Alas, life ain't that simple.

So, as 2018 is coming to an end, I would like to remember all the pain and the joy.

And I want 2019 to be the year when ASid gets that acceptance letter to the program of his choice at the University of his Choice. It may take him away from home, but I want him to fly and explore the world on his terms and discover new interests and make new friends. I will definitely feel some pain in the process, but ASid's joy will be worth it! Obviously, I will be overjoyed as well and the boy will be pained a bit!

Such is life and I am glad that life is complicated that way!
 

Saturday, 15 December 2018

My First Tweet!

At exactly 3:33 pm today, I tweeted for the first time and it had everything to do with First LEGO League. Today was the tournament and Hans' team was 8th out of 23 teams at one point in time. It was such an amazing accomplishment that I had to scream it out in some way and I did - I tweeted! Not exactly a shout out, but the best I could with what I had at my disposal.

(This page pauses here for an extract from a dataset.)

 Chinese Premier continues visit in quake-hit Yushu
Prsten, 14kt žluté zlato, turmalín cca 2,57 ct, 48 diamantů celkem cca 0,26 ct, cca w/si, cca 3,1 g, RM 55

Eventually, the team finished in 10th place. However, they won an award in one of the categories. This was the one I talked about a few days ago in a post. It had to do with Core Values. Hans’ team won second place. The award is given to the top 2 teams that display the Core Values of Inspiration, Teamwork and you guessed it...Gracious Professionalism

It was an incredible moment.

The smallest and the youngest team demonstrated that nothing is impossible. The way they came together was unbelievable. They were honest about their weaknesses and proud of their individual strengths. 

They were so good that I tweeted a couple of more times.

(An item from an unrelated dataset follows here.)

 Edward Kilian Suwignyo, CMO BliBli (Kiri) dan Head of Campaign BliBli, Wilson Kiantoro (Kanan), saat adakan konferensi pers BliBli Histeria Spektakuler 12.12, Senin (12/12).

I sincerely hope I haven’t caught the Twitter bug! But I may tweet again when the going gets good!
 

Friday, 7 December 2018

Dreaming while awake...

2 days ago, I had planned for a different day; however, it worked out very well the way it unfolded.

It started off with this 3 hour session in the morning where I was in a room with maybe 50 other "eager beaver" types who seemed excited to have been hired for a job that allows you to work only if you are needed and if a few others before you have most likely declined to work that day! I could explain that in detail, but why bore anyone with mundane information?!

What I will remember from those 3 hours is meeting this young woman. This one was maybe half my age with a sparkle in her eyes. Her mom dropped her off and she had a snack she pulled out half way through the session. That is the only thing I envied about her - that she is still a child in some ways and has a parent thoughtfully taking care of her!

Some days, I wish I was still a child. But then again, I love being a parent to my own children. I love my life the way it is.

And while I was reflecting on my life amidst paperwork, I received a sincere text message from my friend P. The first issue of the magazine I worked on was delivered to some homes around my neighbourhood. (The rotating postal strike has been an annoyance, but more power to our postal workers!)

P's text message was the first comment ever on my written work that is now in print. So, I want to share it.

"I just read your work. Wonderful and touching piece. Keep up the good work!"

P, coincidentally, was also the first person to hear about my job offer from my "second" interview. I was with her when I received the news. And I had burst into tears out of sheer relief and happiness!

So, 2 days ago, it became a bit real to me as I was filling out forms which were a consequence of my accepting the above job offer.

Most of my life, I have wanted to write and teach. I started writing when I created this blog; my children inspire me to write on a daily basis. But actually seeing my work in print was a dreamlike moment. And soon, I will be teaching in a classroom! It still doesn’t feel entirely real.

So, for the last 2 days, I have been walking around like I am in a dream. These have been the best couple of days of my life in a long time.


Noteworthy Remarks: Many moons ago, I believe I bought a book titled "Why do bad things happen to good people?" or something like that! That was how I felt then! Now, I believe that "good things come to those who wait"! It has been a long wait, but worth every second that went into it.

Never ever give up on your dreams. And when they come true, enjoy that feeling of dreaming while awake!